Producing SAM digestible merger trees

One of the key uses of halo merger trees is to produce synthetic galaxies using semi-analytic models such as shark, sage or meraxes.

We provide some background to the production of halo merger trees. Readers simply interested in producing an output can skip the background and simply follow the steps described in Generating Walkable Tree and subsequent sections or just follow the steps listed in Summary of steps.

We note that the default mode of TreeFrog is to process snapshots walking forward in time, identifying descendants but it can operate in a mode walking backward in time identifying progenitors. Halo merger trees for SAMs are better built identifying links by walking forward in time.

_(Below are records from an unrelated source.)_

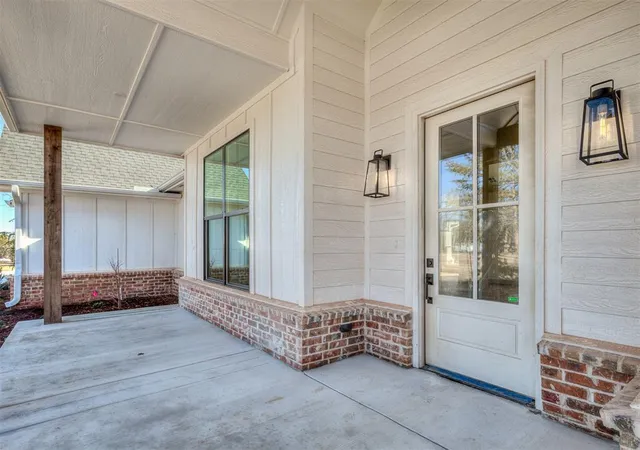 Photo 4 of Single family home for sale at 21200 Reserve Cir, Harrah, OK 73045 | MLS# 1253158 | Listing updated on 2026-10-14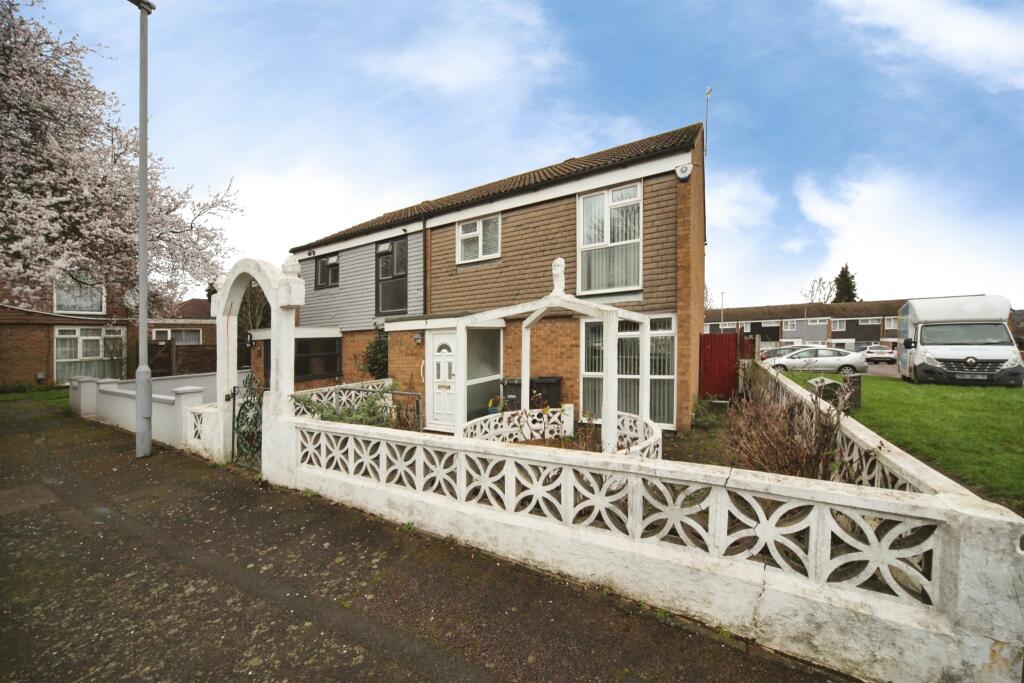 Main image of property: Erin Close, Luton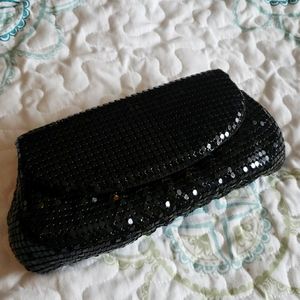 🛒(4/$20)🛒 Sparkly black clutch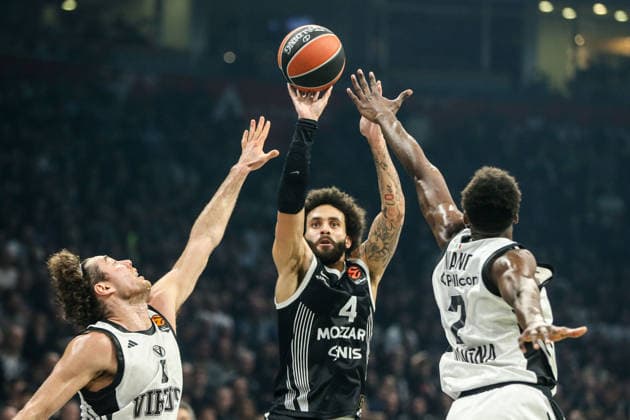 Partizan Mozzart Bet Belgrade v Virtus Bologna - EuroLeague BELGRADE, SERBIA - DECEMBER 17: Alessandro Pajola (L) of Virtus Bologna in action against Duane Washington Jr. (4) of Partizan Mozzart Bet Belgrade during the EuroLeague Regular Season Round 16 match between Partizan Mozzart Bet Belgrade and Virtus Bologna at Belgrade Arena on December 17, 2025 in Belgrade, Serbia. Filip Stevanovic Anadolu Belgrade Serbia. Editorial use only. Please get in touch for any other usage.  Copyright: x2025xAnadoluxFilipxStevanovicx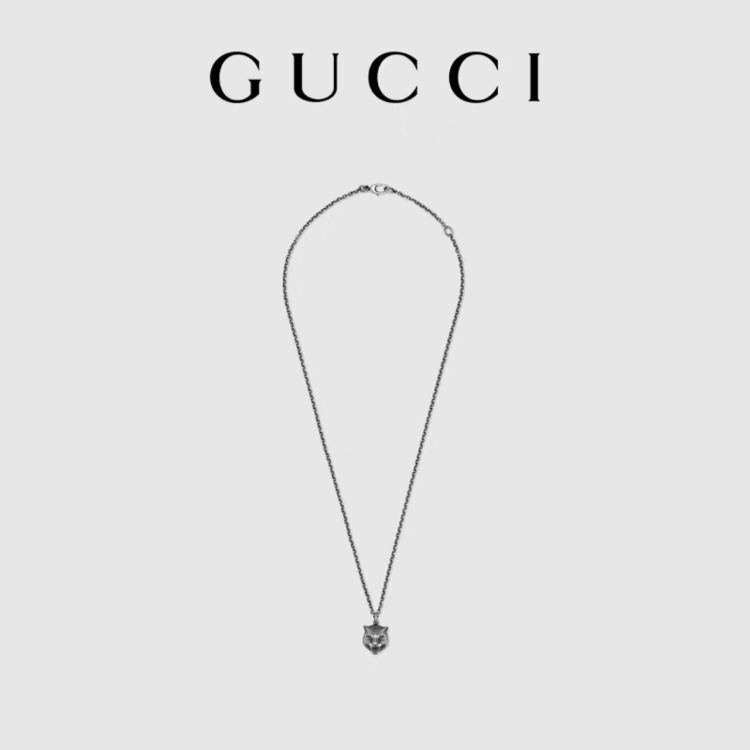 【GUCCI 虎头项链】（1901333）（正品保证 质保一年）珍贵而精致的护身符，轻抚肌肤，如梦如幻,轻盈剔透，美感独特，折射出闪耀的璀璨光芒，时间在变，但我们追寻美的心从未改变，大牌设计,彰显女性的高端气质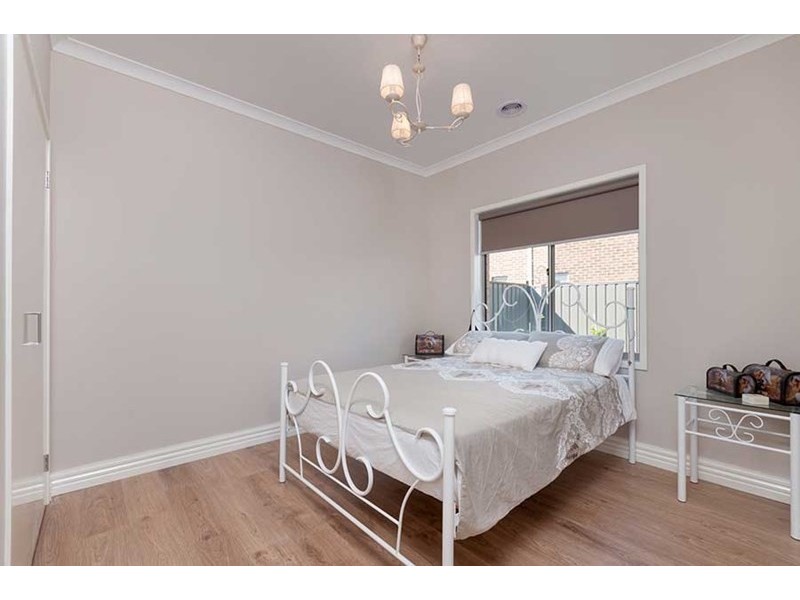 44 Huntington Drive, Craigieburn VIC 3064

Thus we focus here on using Descendant Trees but it is possible to use Progenitor Trees.

Note

We focus on using VELOCIraptor halo catalogs as these catalogs can have temporally unique halo ids that contain both snapshot that a halo is found at an the index of the halo in the catalog. Example: halo ID = snapshot_number * Temporal_halo_id_value + index + 1, where typically Temporal_halo_id_value = 1000000000000

Background

The raw output from TreeFrog is more akin to a graph than a simple halo merger tree. The file contains for all halos the optimal connection and also secondary connections. This extra information is useful for exploring a variety of topics, from the performance of halo finders to how particles can be exchanged between mergers. However, this extra complexity is not necesary for SAMs.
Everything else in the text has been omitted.